I bambini nel giorno della prima comunione avvertono il mistero, la loro è una trepida attesa perché sanno che stanno per vivere un evento unico. Eccoli, avanzano silenziosi nei loro abiti immacolati con le mani giunte e sembrano tante piccole candele che vibrano nella luce dell’innocenza.
Questo candore che è disponibilità totale, senza malizia, senza domande, è la dimora perfetta capace di accogliere Dio. Un Dio che entra in ogni creatura sia essa degna o meno, un Dio che si sporca, che si lascia incorporare per poterci amare e trasformare. La casa che i fanciulli hanno preparato nei loro anni di catechesi se dipendesse solo dai fragili mezzi di noi educatori sarebbe fragile e sgangherata ma per fortuna basta un po’ di volontà e di stupore a fare di questo luogo un tempio ricco di gemme.

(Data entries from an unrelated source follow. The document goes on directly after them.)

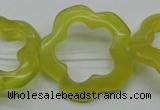 CFG33 15.5 inches 30mm carved flower lemon jade gemstone beads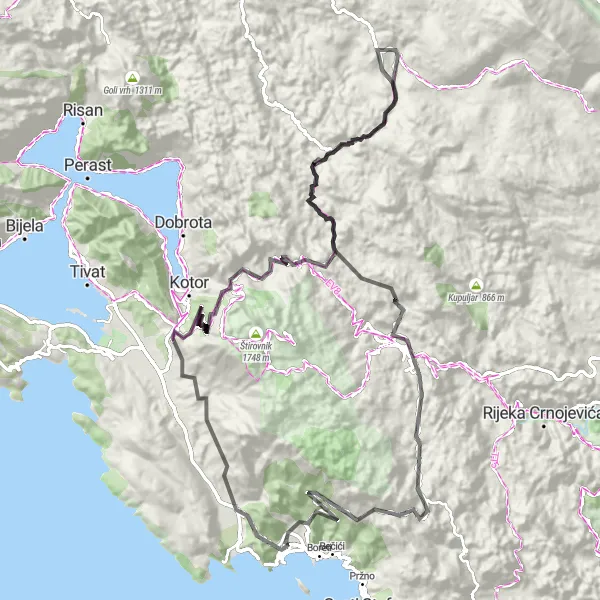 Map miniature of "The Coast and Mountains Ride" cycling inspiration in Crna Gora, Montenegro. Generated by Tarmacs.app cycling route planner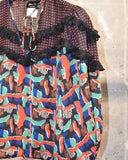 Vintage 1980s《Done Feel》Dots×Abstract Patterned&Frill Pull-over Shirt
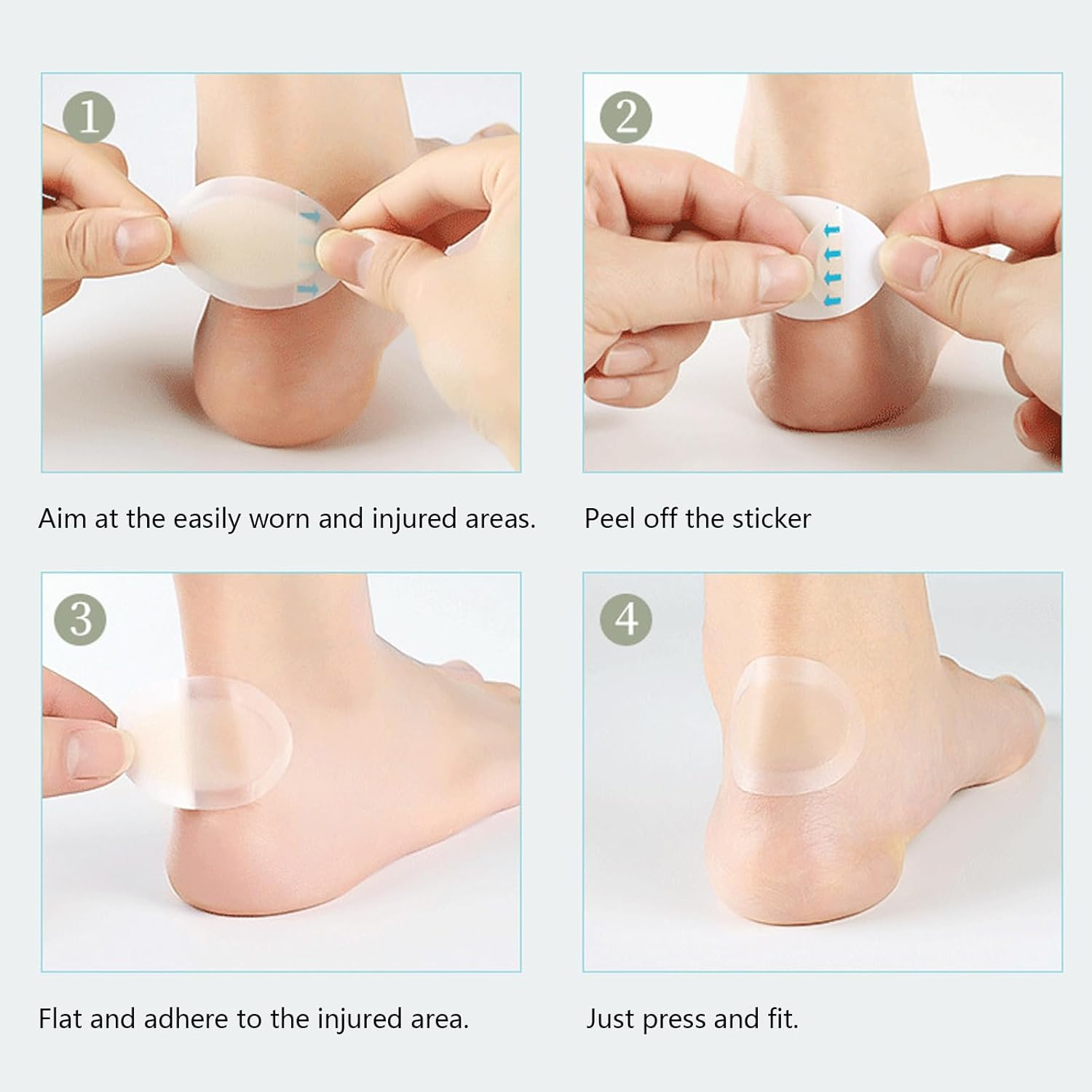 40Pcs Blister Bandages Hydrocolloid Bandages, Betterjonny Gel Blister Pads Invisible Gel Heel Stickers Cushions for Foot, Toe, and Heel Blister Prevention and Recovery (4 Styles)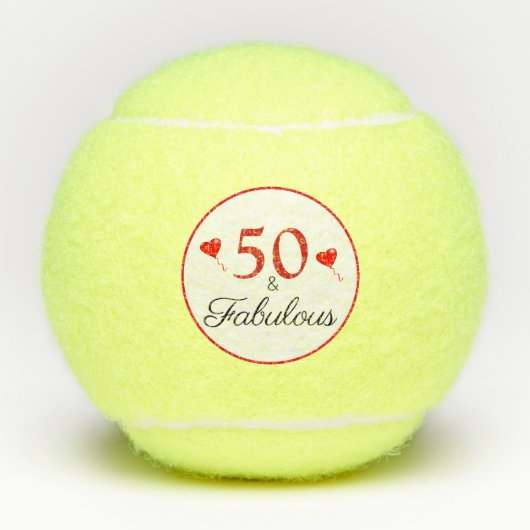 50 und fabelhaftes Zitat Rot 50. Geburtstag Tennisbälle (Vorderseite)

Eccoli, uno dopo l’altro hanno fatto la loro prima comunione, sono felici mentre tornano tra i banchi e cercano con lo sguardo i genitori. Cosa abbiano sentito, cosa realmente si è agitato nei loro cuori non lo sapremo mai. Il sacerdote dice che il riflesso di questo evento dura in genere una settimana e io mi chiedo perché? Cosa dobbiamo fare affinché quella luce perduri oltre i mesi e gli anni, rinnovandosi.

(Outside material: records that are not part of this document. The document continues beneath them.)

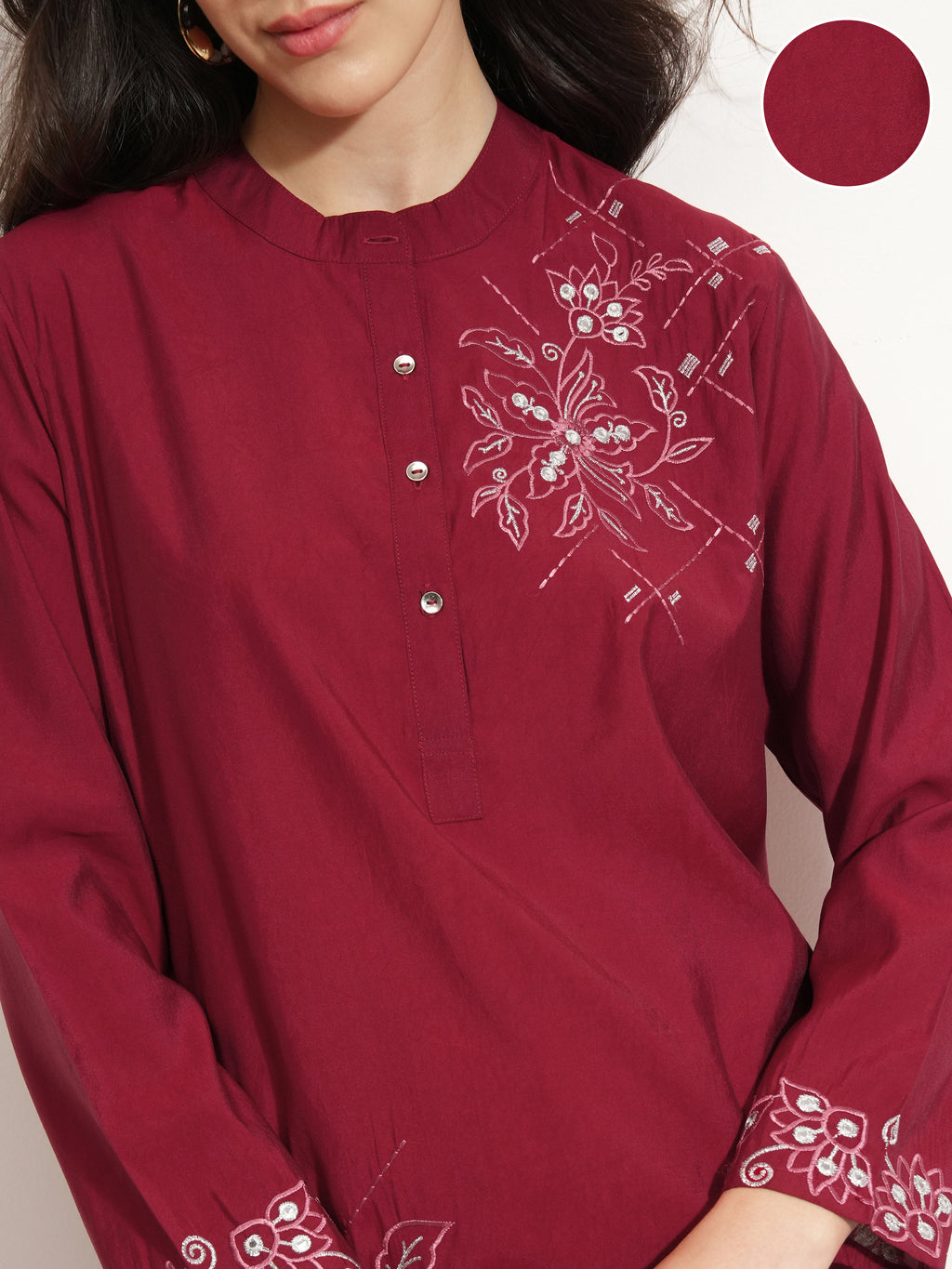 Vishudh Women Red Top With Trouser - Red - Image 5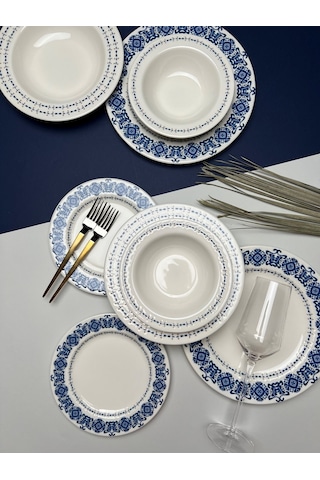 Tabak Evi Bonsai Blue Garden Porselen Yemek Takımı 4 Kişilik 16 P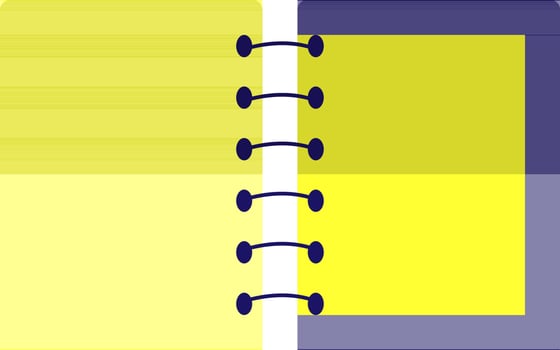 Open diary in yellow and blue color. vector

Cosa va depositandosi sulla superficie cristallina del cuore di questi fanciulli se, con il tempo, non solo il loro incedere compito sfiorirà, ma persino- per molti di loro- sparirà persino il desiderio di comunicarsi? Cosa accade perché al loro avanzare composti e riverenti verso il sacerdote e verso Dio, con il tempo subentri la fila di comunioni stanche e distratte, con le “mani in tasca”, quasi si trattasse di un gesto meccanico, in cui l’unico protagonista di tutta la celebrazione diventa il singolo fedele? Ho sentito le parole di quei bambini, dalle loro bocche in attesa del sacramento sono fiorite parole di ringraziamento e promesse solenni. Quanti di loro saranno in grado di mantenere la promessa? Eppure, per alcuni giorni quei fanciulli saranno dei santi, perché vivranno della vita stessa di Dio, perché vibreranno della sua parola e del suo corpo donato, perché si sforzeranno di essere migliori. Sì! In questi giorni nelle nostre parrocchie e nelle nostre case, si aggira un esercito di piccoli santi, di fanciulli che credono e vivono, ma soprattutto si attendono il loro sogno non venga tradito. Forse soltanto uno di loro procederà con coerenza la strada intrapresa; ma questo non ci deve scoraggiare. Dio ha scelto la logica dello spreco per incontrare il mondo; l’amore stesso agisce così, investe infinite energia, semina una miriade di semi, ma spesso raccoglie poco. Eppure, per quanto scarsi siano i frutti essi attestano che Dio continua ad operare, che il suo messaggio, se accolto, vince e produce lungo i secoli molto frutto. Perciò diffidiamo dell’impazienza e non scoraggiamoci; piuttosto confidiamo nella “follia” del dono della comunione, perché in quei fanciulli abbiamo visto che la fede, se coltivata, se attesa, se desiderata, brilla nel volto di ogni credente in modo unico almeno una volta nella vita. Questo ho visto negli occhi di quei fanciulli.